Important to note: there were no charge for him for all that time. That means they had very weak case. They might be specifically waiting for him to do at least that: just look how they accent that he "bought red flag last minute ticket" as if he knew he did something wrong. This also supports the idea that they had no proof of him doing what amounts to criminal industrial espionage (passing data to another company.)
Another standing out fact is that he was arrested minutes before boarding (he passed the border.) If he would be on exit control list, he would never be allowed pass the border. It means he was not nor on exit control list (people on it include convicts on probation, tax debitors, persons against whom a restraining order was issued i.e. people under investigation of a crime,) nor on the on-the-run list of criminals (he would've been detained immediately)
Third, how FBI ever knew of him buying a ticket? US is not East Germany where all ticket sales are wired to STASI in real time.
My explanation: they did not have anything qualifying for a charge on him till that "last minute ticket purchase" which added more substance to allegations of criminal conduct.

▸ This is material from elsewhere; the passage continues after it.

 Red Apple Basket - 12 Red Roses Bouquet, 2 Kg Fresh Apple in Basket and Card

This is supported by the fact that he was detained "minutes before boarding." Probably, it was only the fact of him passing the border control that was visible to FBI, the moment they saw it, they came with a rushed arrest warrant.

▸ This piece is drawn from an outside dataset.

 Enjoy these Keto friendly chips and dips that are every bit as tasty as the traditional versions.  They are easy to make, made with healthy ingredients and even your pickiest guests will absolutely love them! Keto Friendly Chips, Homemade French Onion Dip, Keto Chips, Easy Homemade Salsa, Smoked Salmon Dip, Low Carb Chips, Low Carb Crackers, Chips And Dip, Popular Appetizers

In my opinion, This is just free PR for XMotors. Either they deliberately planned it and this guy has nothing or they took the chance and hoped to get away with it. Either way it is win-win for them.
> So I'm down to my final two guesses. Either the guy thought he didn't do anything wrong (really? taking confidential documents and hardware??). Or the article heavily distorts the facts.
Probably a bit of both. And also many other facts we don't know. Anyway, Apple only should be blamed, imho. If people efforts and project momentum are the real plus value, then data alone won't be sufficient to steal a technology.
It shows that international cooperation about global-impacting technologies should be the norm, rather than a race to monopolize a market.
from the article, about 2700 employees have access to the specific databases from which the guy pulled sensitive data. That seems like a very large group of people to me.
"[In their investigation] Apple found that just prior to Zhang's departure, his network activity had "increased exponentially" compared to the prior two years he had worked at Apple. He accessed content that included prototypes and prototype requirements. .."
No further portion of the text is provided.